Formuleren van expliciete strategische doelstelling en risicotolerantie
We onderscheiden drie stappen om tot een explicitering te komen van de strategische doelstelling en de risicotolerantie. Deze stappen worden met het bestuur doorlopen – idealiter
met input van de stakeholders.
1. Wat vindt het fonds belangrijk?
2. Hoe vindt beoordeling plaats?
3. Hoeveel ruimte staat het fonds toe?
Hieronder gaan we op elk van deze stappen in.
1 Wat vindt het fonds belangrijk?
Bij de vaststelling van de strategische doelstellingen en de risicotolerantie worden de
belangen van diverse stakeholders betrokken. Dit betekent dat er diverse grootheden zijn
waarop beleid kan worden gebaseerd. Deelnemers zijn met name geïnteresseerd in koopkracht of pensioenresultaat (wat kan ik straks betalen van mijn pensioen?). De sponsor
daarentegen heeft voornamelijk aandacht voor premierisico’s (past een eventuele bijstortverplichting in de financiële mogelijkheden van de sponsor?).

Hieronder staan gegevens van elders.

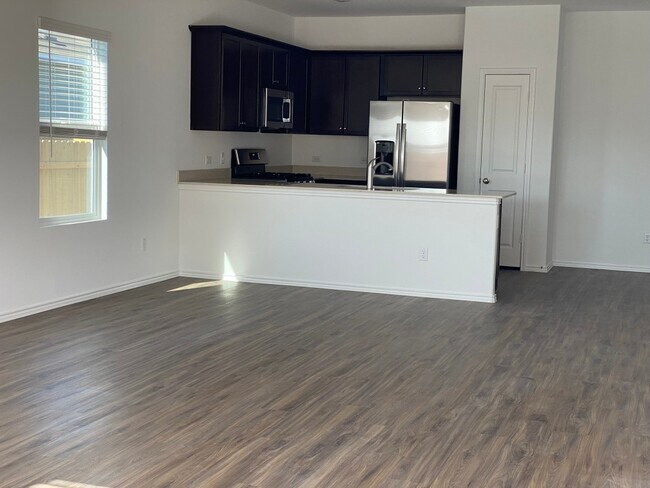 117 Akela Wy Georgetown, TX 78626 photo 2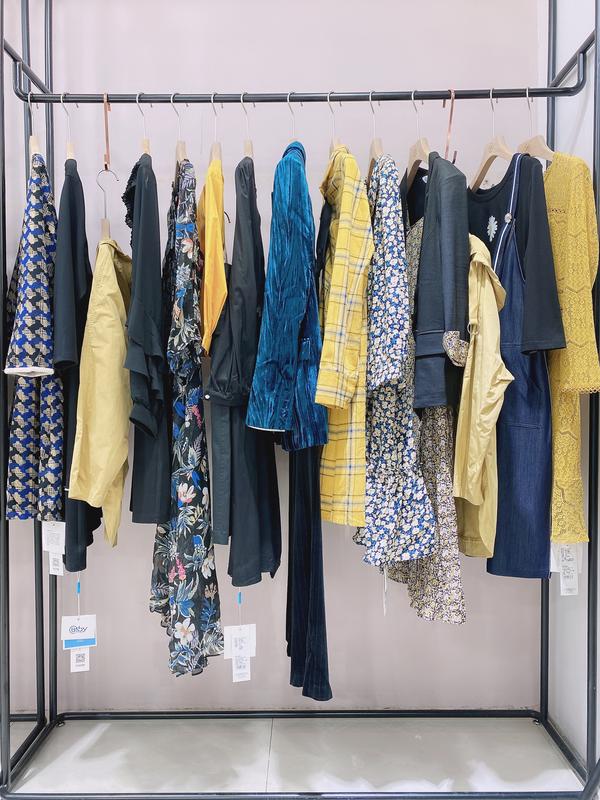 女装时尚套装烁熙展厅爱诗帛雅陈列图--陈列搭配品牌女装批发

In het algemeen is het resultaat voor alle stakeholders direct afhankelijk van de dekkingsgraad. De nominale en reële dekkingsgraad zijn daarom veelal de grootheden die bepalend zijn voor de definitie van de doelstelling en de risicotolerantie. Op korte tot middellange termijn zijn die daarom voor een bestuur ook geschikte ijkpunten voor het formuleren, monitoren en bijsturen van het strategisch beleid. Op lange termijn geeft de dekkingsgraad echter geen inzicht in het werkelijke pensioenresultaat voor de deelnemer. Een
koopkrachtmaat gemeten over lange termijn – bij voorkeur voor diverse deelnemersgroepen – is hiervoor geschikter.
116
PENSIOENPRIORITEITEN
2 Hoe vindt beoordeling plaats?
De wijze waarop de grootheden gemeten worden (het hoe), is niet alleen van belang bij
het vaststellen van de doelstelling, de risicotolerantie en de strategievorming, maar ook bij
het monitoren en bijsturen daarvan. Grootheden moeten daarom objectief meetbaar zijn
en duidelijk te interpreteren. Traditioneel wordt de risicotolerantie weergegeven met een
kansmaat. Kansmaatstaven zijn echter niet altijd eenduidig te interpreteren.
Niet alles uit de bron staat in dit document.